**Work order**
Please give back each line below unchanged; none of the pictures should appear.

**Dataset content**
##########

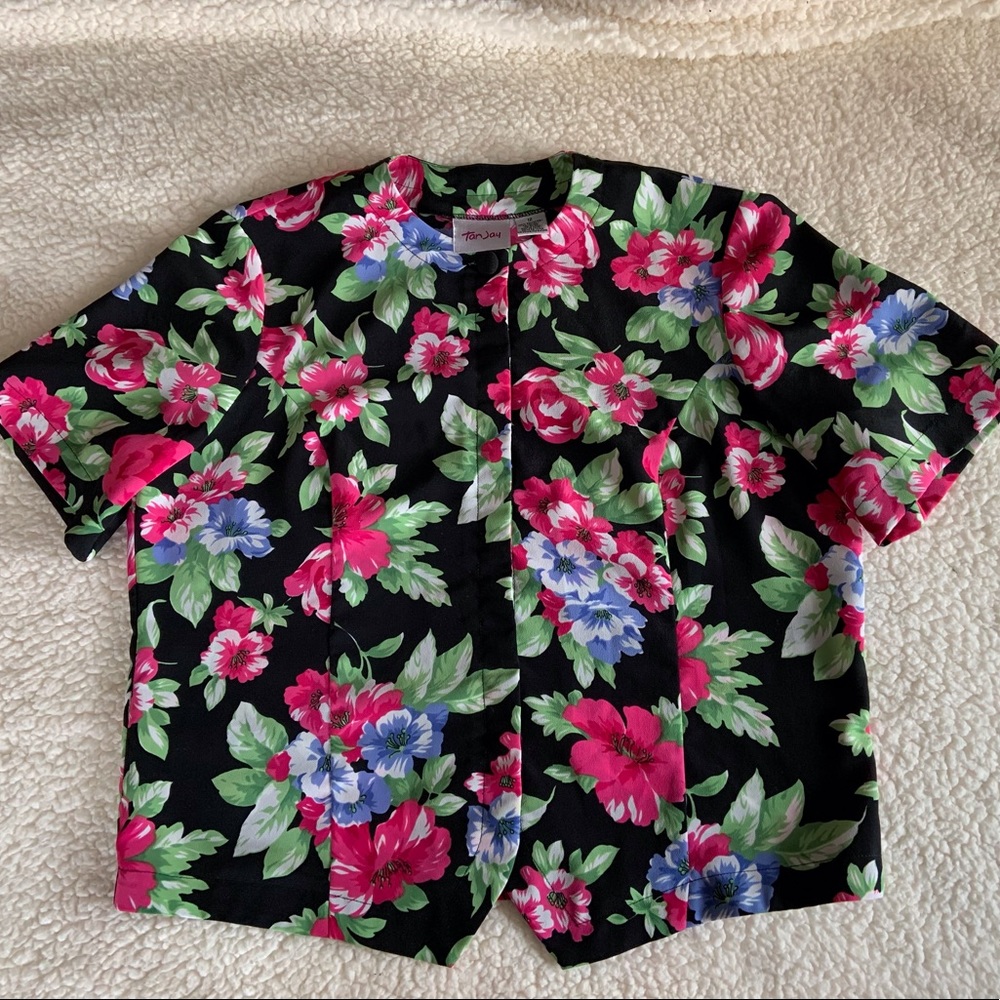 🦩VINTAGE Tan Jay Hawaiian print button-down shirt short sleeved, size 12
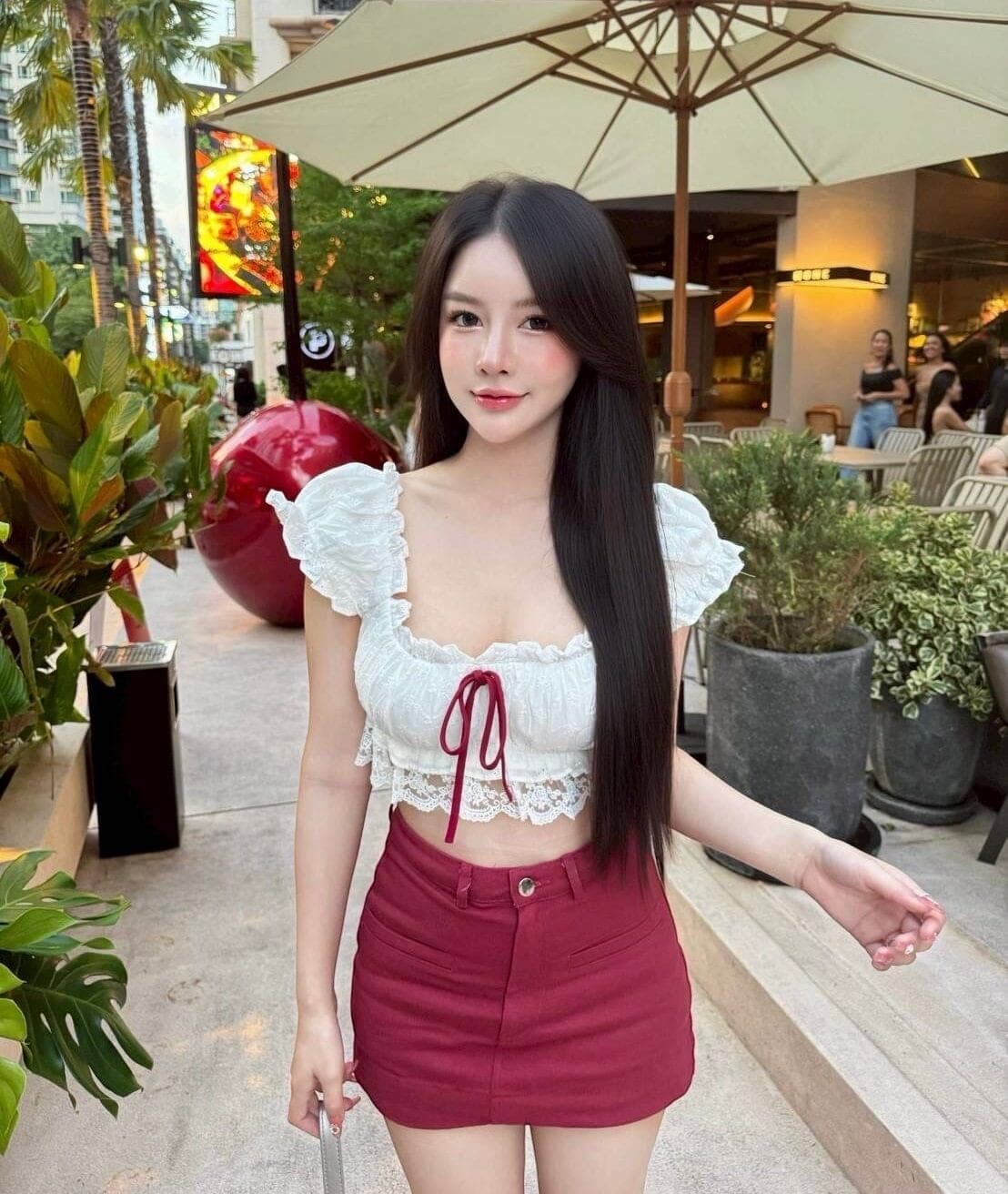 ชุดเซ็ท 2ชิ้น เสื้อลูกไม้ กระโปรงยีนส์ สีขาว-แดง รูปที่ 1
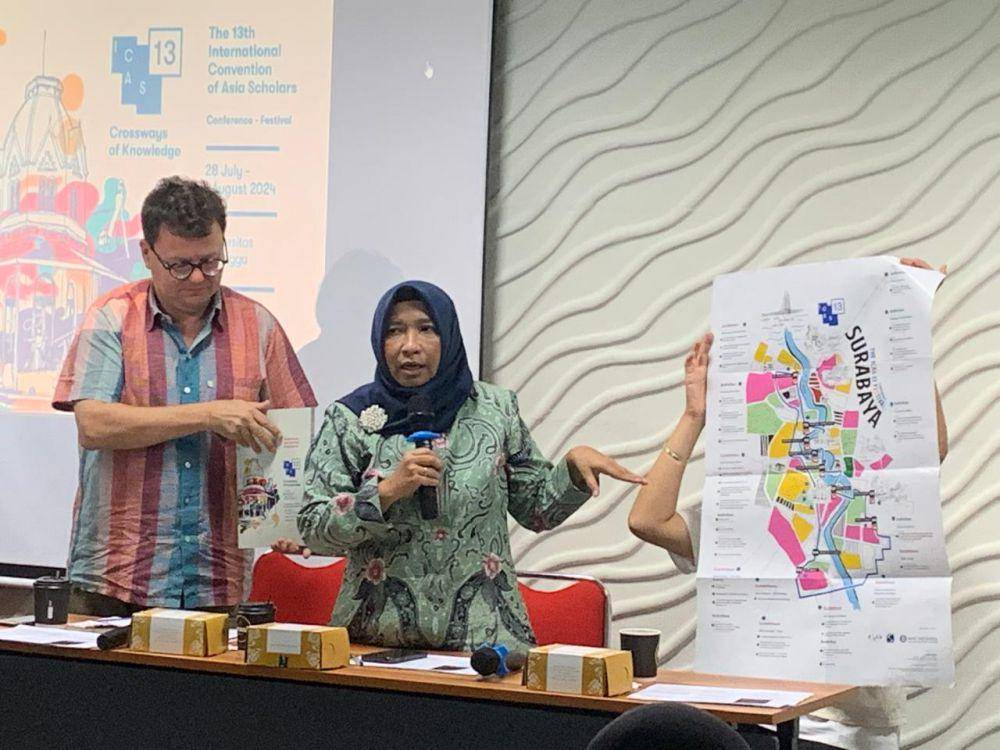 Konferensi pers pelaksanaan the 13th International Convention of Asia Scholars (ICAS) Sabtu (27/07/2024). (IDN Times/Myesha Fatina Rachman)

##########

**Finished task**
 🦩VINTAGE Tan Jay Hawaiian print button-down shirt short sleeved, size 12
 ชุดเซ็ท 2ชิ้น เสื้อลูกไม้ กระโปรงยีนส์ สีขาว-แดง รูปที่ 1
 Konferensi pers pelaksanaan the 13th International Convention of Asia Scholars (ICAS) Sabtu (27/07/2024). (IDN Times/Myesha Fatina Rachman)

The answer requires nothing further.